Car entre deux sketches décalés, l'ancienne policière municipale met cet espace de liberté numérique massif à profit pour distiller des messages d'utilité publique auprès de sa jeune communauté. Armée de sa gouaille frondeuse, elle y parle empowerment, tchatche de la (trop petite) place des nanas sur Youtube et s'attelle à dézinguer méthodiquement les clichés sexistes. Une forme d'éducation populaire qui lui vaut régulièrement des attaques de trolls qu'elle balaie d'un revers de main.

C'est une Natoo très cash qui revient pour nous sur ses inspirations, partage ses coups de gueule et ses espoirs.

Terrafemina : Tu as souvent fait des vidéos pour contrer les clichés sexistes sur les femmes. Pourquoi cela t'a-t-il semblé nécessaire ?

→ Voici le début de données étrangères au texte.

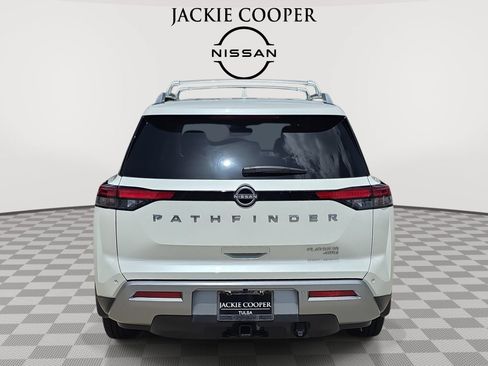 Certified 2024 Nissan Pathfinder Platinum w/ Cargo Package AWD/4WD image 6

Natoo : Oui, j'ai souvent fait des sketches sur les clichés que l'on peut retrouver sur les femmes. Je ne sais pas si c'était une nécessité mais ça m'agaçait tellement que j'avais envie d'en parler. Donc peut-être qu'au début, j'ai dû faire du féminisme inconsciemment. J'ai juste parlé des choses qui me tenaient à coeur et des petites choses qui me titillaient. C'est venu naturellement.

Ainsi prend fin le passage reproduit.